Private Citizen Alleges Injury
On July 17, 2006, a United States Postal Service (USPS) vehicle driven by a USPS employee acting within the scope of his employment allegedly collided with a car driven by Plaintiff Monica White-Squire. On Aug. 15, 2006, White-Squire's attorney sent a letter to the USPS purporting to provide formal notice that White-Squire was pursuing a personal injury claim against it. The letter did not include a sum certain claim for damages.
The USPS wrote back on Aug. 18, 2006, informing the plaintiff and her counsel of the requirements of the FTCA, which sets out the steps for suing the federal government for tort-caused injuries. The letter included the statement that, under the terms of the FTCA, a “claim must be for a specific amount.” The USPS sent a second letter four days later, informing counsel for the plaintiff that the Aug. 15 letter did not “constitute a valid claim.” It went on to point the plaintiff to the requirements of the FTCA and reiterated that a valid claim must be accompanied by “a 'sum certain' amount for injuries or losses alleged to have occurred by reason of the incident.”
Plaintiff's counsel wrote back on Oct. 6, 2006, telling the USPS that White-Squire was still receiving medical treatment for her injuries, so a sum certain could not yet be provided.
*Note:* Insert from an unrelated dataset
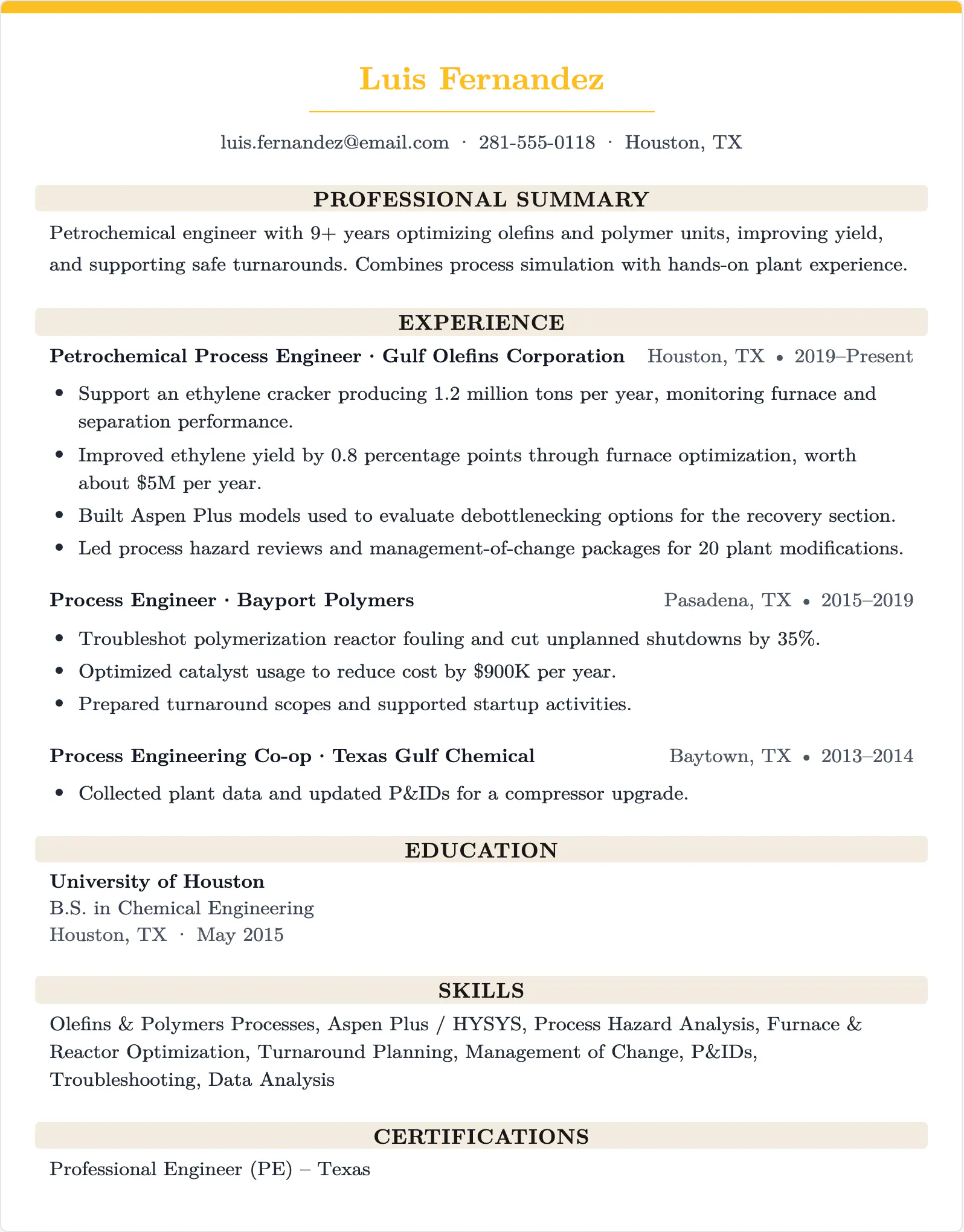 Petrochemical Engineer Resume Template - ResumeBoostAI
He said that he would submit White-Squire's medical records and a “'sum certain' demand to resolve the claim” once she was discharged from her doctor's care. The plaintiff, however, never submitted a completed Standard Form 95 (used for making claims under the FTCA), supporting medical records, or a sum-certain demand for damages to the USPS.
On July 14, 2008, White-Squire filed her personal injury action against the USPS in the United States District Court for the District of New Jersey. The USPS moved to dismiss for lack of subject matter jurisdiction because White-Squire failed to provide the USPS with a sum certain request for damages as required by the FTCA. 28 U.S.C. ' 2675(a), (b); 28 C.F.R. ' 14.2(a). The court granted the motion and dismissed the case, concluding that the plaintiff's failure to submit a sum-certain claim deprived it of subject matter jurisdiction. White-Squire appealed.
The Appeal
The plaintiff argued on appeal that she was not required to submit a sum certain request because her medical treatment was ongoing, and therefore her damages could not yet be ascertained.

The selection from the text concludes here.